Recently, FD-OCT image reconstruction followed the trend towards the use of massive parallel computing utilizing cheap and fast graphics processing units (GPUs) in highly parallelizable tasks like image processing to accelerate numerical signal processing, instead of slower central processing units (CPUs).¹⁷^–²² A GPU with hundreds of processing cores provides highly parallel computational capability to FD-OCT in which processing for each depth scan is identical and independent. Simple access to program the hardware provided by conversion software—together with an extension from 16-bit to 32-bit and, for scientific application, 64-bit floating point arithmetic for large matrices—has advanced this platform to a stage that permits fast implementation of complex algorithms. In raster-scanning DEFR OCT, individual depth scans can be treated independently, which leads to a well parallelizable problem. Computational complexity in FD-OCT reconstruction is primarily attributed to the digital Fourier transform, which scales non-linearly [ $\propto n \cdot \log (n)$ ] with the number of samples $n$ within a depth scan. Up to now for standard FD-processing, a computational speed (excluding the transfer of data between host PC and GPU) of $> 3 million depth scans / s$ (1024 samples in each depth scan) using a GPU has been achieved, enabling real-time 4-D visualization of FD-OCT images.²¹ GPU-based processing is becoming an important component in high-speed, low-cost FD-OCT systems.

In this work, we developed a GPU-based implementation of the fast-DEFR algorithm for real-time display of full-range FD-OCT images.

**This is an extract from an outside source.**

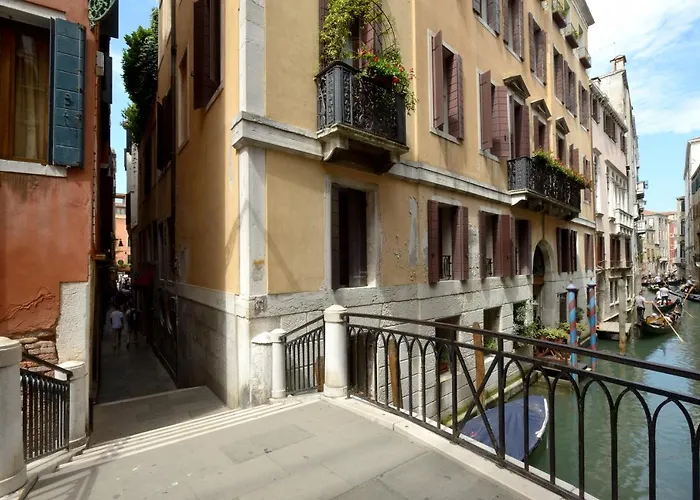 Residence La Fenice Venedig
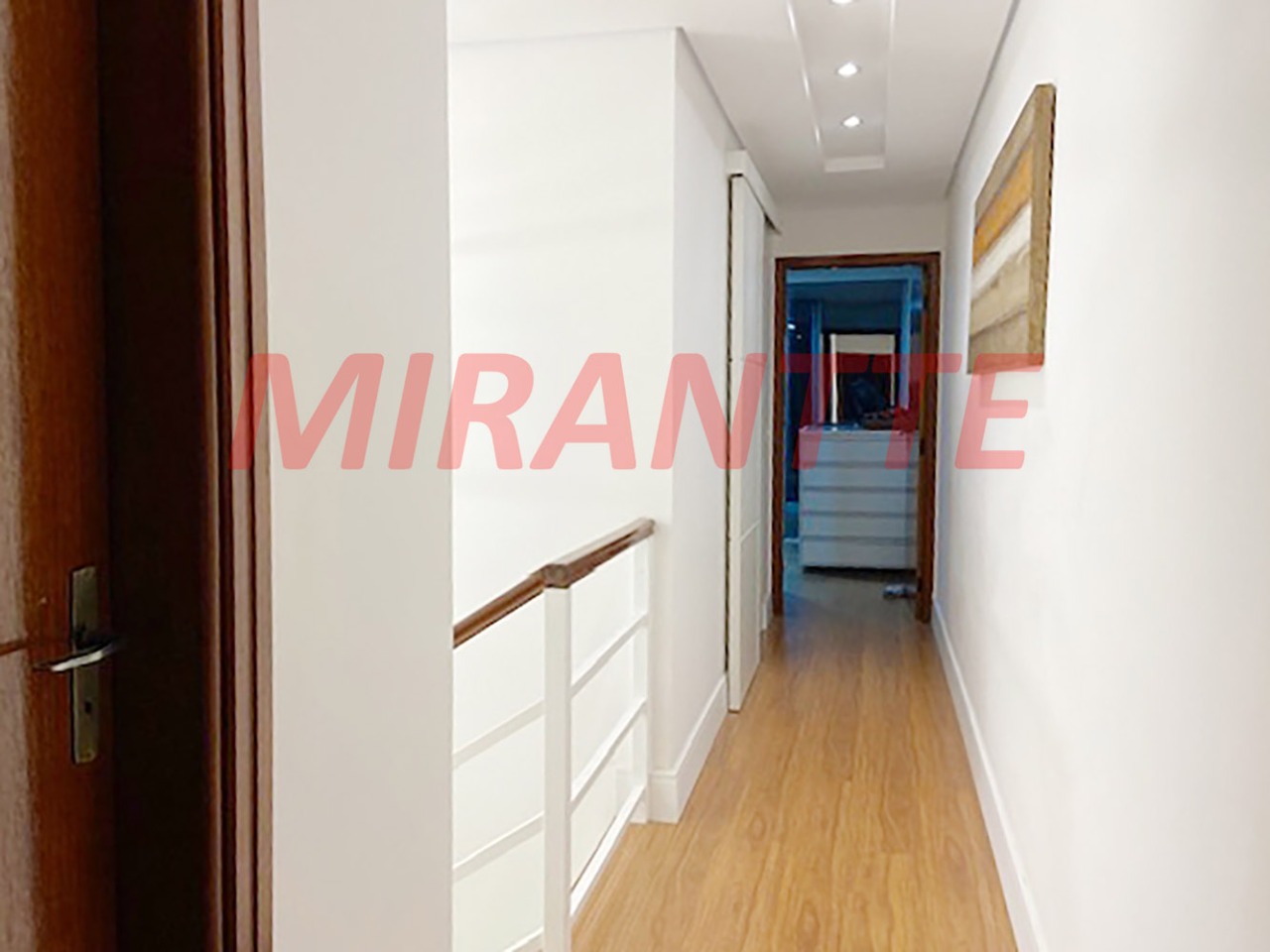 Sobrado de 200m² com 3 quartos em Vila Baruel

The complete processing for FD-OCT, including background subtraction, up-sampling, $k$ -space linearization, spectral shaping, and DEFR, has been implemented on a GPU. Including the time taken for data transport between host and GPU memory, the GPU-based fast DEFR achieved a maximum processing speed of $\sim 21,000 depth-scans / s$ for $2048 samples / depth$ scan and 10 iterations, sufficient for real-time video rate visualization for high resolution applications.

2. Scheme of GPU-Based Fast DEFR

Both programming and computation in this work were implemented with a workstation hosting a NVIDIA GeForce GTX 580 GPU (PCIe $16 \times$ interface, 512 cores at 1.5 GHz, 1.5-GB graphics memory), an AuthenticAMD CPU (3.3 GHz) and 16-GB host memory. The operating system was Microsoft Windows 7 Professional. In contrast to previously reported GPU-based OCT systems, in which codes were directly programmed through NVIDIA’s Compute Unified Device Architecture (CUDA),¹⁷^–²⁰ we employed the commercial software Jacket (Version 1.7.1, AccelerEyes, GA, USA) that translates standard MATLAB (Version R2010a, MathWorks Inc., MA, USA) codes to GPU codes and GPU-memory access to allow for faster and more flexible adaptation of the existing signal-processing routines. The detailed algorithm of fast DEFR has been presented in Ref. 16. The codes were modified for the Jacket syntax and optimized in order to utilize the advantage of highly parallel computation of the GPU.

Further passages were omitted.